I'm working on some research problems relating to random matrix products, and this is taking me into areas of mathematics I've not previously studied: Lie groups, and especially real algebraic groups. In this area I encounter a lot of questions which I don't have the tools for, but which are probably easy for people who do have the correct tools. Here's one:
Question 1. Let $X \subset GL_d(\mathbb{R})$ be nonempty, let $1<k<d$ and let $X^{\wedge k}:=\{A^{\wedge k}\colon A \in X\}$. If $X^{\wedge k}$ is simultaneously triangularisable - that is, if there exists one basis for $\wedge^k\mathbb{R}^d$ with respect to which all of the elements of $X^{\wedge k}$ are simultaneously upper triangular - does it follow that $X$ itself is simultaneously triangularisable?
It seems to me that the question is unchanged if we replace $X$ with the smallest Zariski-closed subgroup of $GL_d(\mathbb{R})$ which contains $X$, so we may as well assume $X$ to be a real algebraic group $G \leq GL_d(\mathbb{R})$. This turns Question 1 into a question about the representation $\rho \colon G \to GL(\wedge^k\mathbb{R}^d)$ defined by $\rho(g):=g^{\wedge k}$ and its implications for the structure of $G$, which is perhaps a fairly simple question for people knowledgeable in representation theory (a topic I haven't studied).

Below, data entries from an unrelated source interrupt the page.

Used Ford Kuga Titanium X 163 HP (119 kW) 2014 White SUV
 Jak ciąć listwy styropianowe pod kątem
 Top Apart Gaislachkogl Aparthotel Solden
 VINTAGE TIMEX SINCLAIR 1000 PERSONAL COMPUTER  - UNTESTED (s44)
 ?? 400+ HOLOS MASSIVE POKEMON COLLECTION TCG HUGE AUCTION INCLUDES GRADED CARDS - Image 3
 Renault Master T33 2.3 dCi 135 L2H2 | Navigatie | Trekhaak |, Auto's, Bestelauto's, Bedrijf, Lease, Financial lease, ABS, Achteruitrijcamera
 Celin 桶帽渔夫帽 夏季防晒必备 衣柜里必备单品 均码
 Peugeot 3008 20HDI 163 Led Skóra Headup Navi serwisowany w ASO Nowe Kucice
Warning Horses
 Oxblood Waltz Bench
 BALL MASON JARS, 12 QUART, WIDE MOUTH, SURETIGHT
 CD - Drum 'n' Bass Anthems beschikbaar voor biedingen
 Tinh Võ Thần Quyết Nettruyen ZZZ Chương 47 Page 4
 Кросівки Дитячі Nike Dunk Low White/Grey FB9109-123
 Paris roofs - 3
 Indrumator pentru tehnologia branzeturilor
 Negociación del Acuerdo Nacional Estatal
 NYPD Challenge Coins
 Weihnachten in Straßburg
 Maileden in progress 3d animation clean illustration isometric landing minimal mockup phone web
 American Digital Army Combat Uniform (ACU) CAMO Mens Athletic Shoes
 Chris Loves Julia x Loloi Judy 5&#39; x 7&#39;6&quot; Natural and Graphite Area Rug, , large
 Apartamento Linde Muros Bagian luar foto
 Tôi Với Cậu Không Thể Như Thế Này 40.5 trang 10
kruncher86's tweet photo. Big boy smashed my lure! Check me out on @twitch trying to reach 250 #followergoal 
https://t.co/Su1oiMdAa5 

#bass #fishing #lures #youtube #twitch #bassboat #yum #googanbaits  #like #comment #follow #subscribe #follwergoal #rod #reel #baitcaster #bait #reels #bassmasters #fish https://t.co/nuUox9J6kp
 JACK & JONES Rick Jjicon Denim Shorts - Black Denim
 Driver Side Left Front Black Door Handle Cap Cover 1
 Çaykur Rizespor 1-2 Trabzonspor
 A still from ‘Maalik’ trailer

The following question seems to me to be related and can perhaps be addressed with similar techniques:
Question 2. Let $G \leq GL_d(\mathbb{R})$ be a real algebraic group which acts irreducibly on $\mathbb{R}^d$ in the obvious manner, i.e. such that there does not exist a proper nonzero linear subspace of $\mathbb{R}^d$ which is preserved by every element of $G$. Then $G$ is reductive, because if $N$ were a nontrivial normal unipotent subgroup of $G$ then the set of vectors fixed by every element of $N$ would be a proper nonzero linear subspace of $\mathbb{R}^d$ which is preserved by $G$. In particular the representation $\rho \colon G \to GL(\wedge^k\mathbb{R}^d)$ defined by $\rho(g):=g^{\wedge k}$ must decompose into a direct sum of irreducible representations. Other than the trivial bound ${d \choose k}=\dim \wedge^k\mathbb{R}^d$, is there any reasonable, general bound $n=n(k,d)$ for the number of irreducible parts into which the representation splits?
A positive answer to question 1 would seem to imply the bound $n(k,d)={d \choose k}-1$ in question 2, but I would be surprised if that were the best bound possible.
It seems to me that by appealing to Hodge duality the answer to both questions must remain unchanged when $k$ is replaced with $d-k$, so we should without loss of generality be able to assume $k \leq \frac{d}{2}$.